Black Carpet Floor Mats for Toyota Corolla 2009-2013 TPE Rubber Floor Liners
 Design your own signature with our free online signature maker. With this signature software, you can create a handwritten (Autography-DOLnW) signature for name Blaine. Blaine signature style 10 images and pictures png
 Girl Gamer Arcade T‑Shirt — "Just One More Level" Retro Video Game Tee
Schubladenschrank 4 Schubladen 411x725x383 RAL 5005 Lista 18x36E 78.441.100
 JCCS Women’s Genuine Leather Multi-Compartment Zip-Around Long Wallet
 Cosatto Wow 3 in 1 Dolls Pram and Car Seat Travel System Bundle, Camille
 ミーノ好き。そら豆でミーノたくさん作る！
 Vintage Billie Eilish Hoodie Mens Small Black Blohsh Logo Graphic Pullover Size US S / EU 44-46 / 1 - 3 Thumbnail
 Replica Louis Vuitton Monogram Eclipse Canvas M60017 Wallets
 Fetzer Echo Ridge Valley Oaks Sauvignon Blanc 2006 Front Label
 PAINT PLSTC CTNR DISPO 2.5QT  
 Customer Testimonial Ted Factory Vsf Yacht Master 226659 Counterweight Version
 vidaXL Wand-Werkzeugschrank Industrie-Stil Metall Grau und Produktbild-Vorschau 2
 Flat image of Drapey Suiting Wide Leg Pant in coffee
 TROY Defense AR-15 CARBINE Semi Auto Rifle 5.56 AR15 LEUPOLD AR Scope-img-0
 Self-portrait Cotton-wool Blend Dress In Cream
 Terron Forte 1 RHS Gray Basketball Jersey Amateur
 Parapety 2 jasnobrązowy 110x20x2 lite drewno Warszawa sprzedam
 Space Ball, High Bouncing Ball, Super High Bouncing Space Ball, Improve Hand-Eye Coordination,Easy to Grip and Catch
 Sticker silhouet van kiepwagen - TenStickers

→ WORK INSTRUCTIONS: Look back at the entries above. Retype the line with "Fetzer Echo Ridge", the line with "Flat image of", and all lines in between.

→ EXPECTED ANSWER:
 Fetzer Echo Ridge Valley Oaks Sauvignon Blanc 2006 Front Label
 PAINT PLSTC CTNR DISPO 2.5QT  
 Customer Testimonial Ted Factory Vsf Yacht Master 226659 Counterweight Version
 vidaXL Wand-Werkzeugschrank Industrie-Stil Metall Grau und Produktbild-Vorschau 2
 Flat image of Drapey Suiting Wide Leg Pant in coffee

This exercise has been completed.